Linux is able to do so, because the kernel has innate knowledge about the other end of the pipe or connected pair. However, when using connect, the state about the socket is maintained by the protocol stack. Your test demonstrates this behavior, but below is a program that does it all in a single thread, similar to the two tests above:

Linux能够做到这一点，因为内核对管道的另一端或连接的对具有天生的知识。但是，当使用connect时，该套接字的状态由协议栈维护。您的测试演示了这种行为，但是下面是一个程序，它在一个线程中完成所有工作，类似于上面的两个测试:

int a_sock = socket(PF_INET, SOCK_STREAM, 0);
const int one = 1;
setsockopt(a_sock, SOL_SOCKET, SO_REUSEADDR, &one, sizeof(one));
struct sockaddr_in a_sin = {0};
a_sin.sin_port = htons(4321);
a_sin.sin_family = AF_INET;
a_sin.sin_addr.s_addr = htonl(INADDR_LOOPBACK);
bind(a_sock, (struct sockaddr *)&a_sin, sizeof(a_sin));
listen(a_sock, 1);
int c_sock = socket(PF_INET, SOCK_STREAM, 0);
fcntl(c_sock, F_SETFL, fcntl(c_sock, F_GETFL, 0)|O_NONBLOCK);
connect(c_sock, (struct sockaddr *)&a_sin, sizeof(a_sin));
fcntl(c_sock, F_SETFL, fcntl(c_sock, F_GETFL, 0)&~O_NONBLOCK);
struct sockaddr_in s_sin = {0};
socklen_t s_sinlen = sizeof(s_sin);
int s_sock = accept(a_sock, (struct sockaddr *)&s_sin, &s_sinlen);
struct pollfd c_pfd = { c_sock, POLLOUT, 0 };
if (poll(&c_pfd, 1, -1) != 1) perror("poll");
int erropt = -1;
socklen_t errlen = sizeof(erropt);
getsockopt(c_sock, SOL_SOCKET, SO_ERROR, &erropt, &errlen);
if (erropt != 0) { errno = erropt; perror("connect"); }
puts("P|Recv-Q|Send-Q|Local Address|Foreign Address|State|");
char cmd[256];
snprintf(cmd, sizeof(cmd), "netstat -tn | grep ':%hu ' | sed 's/  */|/g'",
         ntohs(s_sin.sin_port));
puts("before close on client"); system(cmd);
close(c_sock);
puts("after close on client"); system(cmd);
if (send(s_sock, "a", 1, MSG_NOSIGNAL) < 0) perror("send");
puts("after send on server"); system(cmd);
puts("end of test");
sleep(5);

If you run the above program, you will get output similar to this:

如果您运行上述程序，您将得到与此类似的输出:

P|Recv-Q|Send-Q|Local Address|Foreign Address|State|
before close on client
tcp|0|0|127.0.0.1:35790|127.0.0.1:4321|ESTABLISHED|
tcp|0|0|127.0.0.1:4321|127.0.0.1:35790|ESTABLISHED|
after close on client
tcp|0|0|127.0.0.1:35790|127.0.0.1:4321|FIN_WAIT2|
tcp|1|0|127.0.0.1:4321|127.0.0.1:35790|CLOSE_WAIT|
after send on server
end of test

This shows it took one write for the sockets to transition to the CLOSED states.

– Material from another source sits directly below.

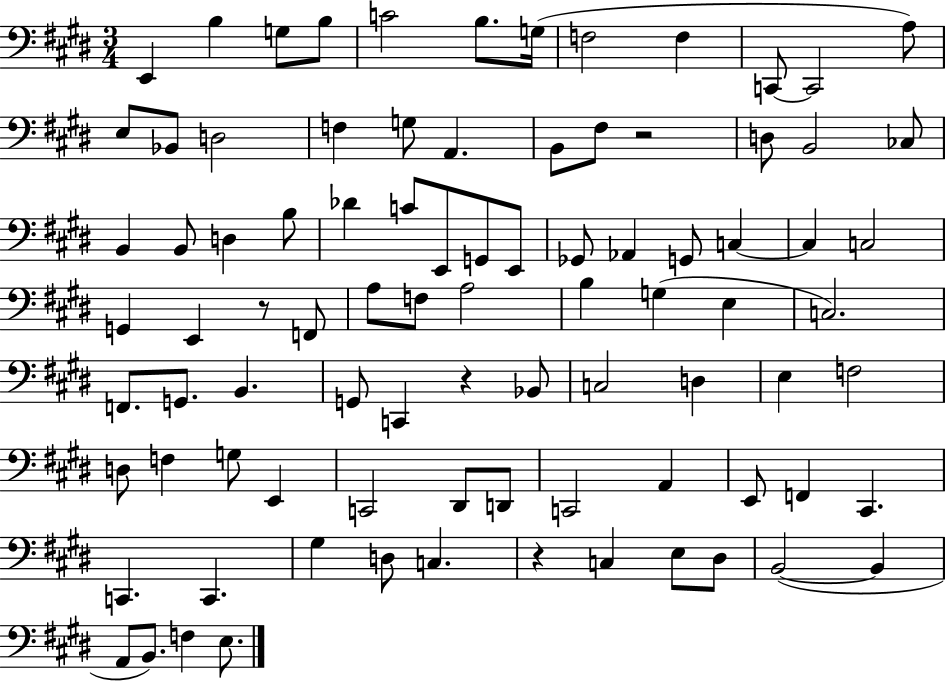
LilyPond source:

To find out why this occurred, a TCP dump of the transaction can be useful:

这显示了它为套接字写了一个字，以便向关闭状态转换。为了找出发生这种情况的原因，一个TCP转储文件可以是有用的:

16:45:28 127.0.0.1 > 127.0.0.1
 .809578 IP .35790 > .4321: S 1062313174:1062313174(0) win 32792 <mss 16396,sackOK,timestamp 3915671437 0,nop,wscale 7>
 .809715 IP .4321 > .35790: S 1068622806:1068622806(0) ack 1062313175 win 32768 <mss 16396,sackOK,timestamp 3915671437 3915671437,nop,wscale 7>
 .809583 IP .35790 > .4321: . ack 1 win 257 <nop,nop,timestamp 3915671437 3915671437>
 .840364 IP .35790 > .4321: F 1:1(0) ack 1 win 257 <nop,nop,timestamp 3915671468 3915671437>
 .841170 IP .4321 > .35790: . ack 2 win 256 <nop,nop,timestamp 3915671469 3915671468>
 .865792 IP .4321 > .35790: P 1:2(1) ack 2 win 256 <nop,nop,timestamp 3915671493 3915671468>
 .865809 IP .35790 > .4321: R 1062313176:1062313176(0) win 0

The first three lines represent the 3-way handshake. The fourth line is the FIN packet the client sends to the server, and the fifth line is the ACK from the server, acknowledging receipt. The sixth line is the server trying to send 1 byte of data to the client with the PUSH flag set. The final line is the client RESET packet, which causes the TCP state for the connection to be freed, and is why the third netstat command did not result in any output in the test above.

前三行表示三向握手。第四行是客户端发送到服务器的FIN包，第五行是来自服务器的ACK，确认接收。第六行是服务器试图发送1个字节的数据到客户端设置推动标志。最后一行是客户端重置数据包,导致TCP连接的释放状态,第三就是为什么netstat命令没有导致任何输出在上面的测试中。

So, the server doesn't know the client will reset the connection until after it tries to send some data to it. The reason for the reset is because the client called close, instead of something else.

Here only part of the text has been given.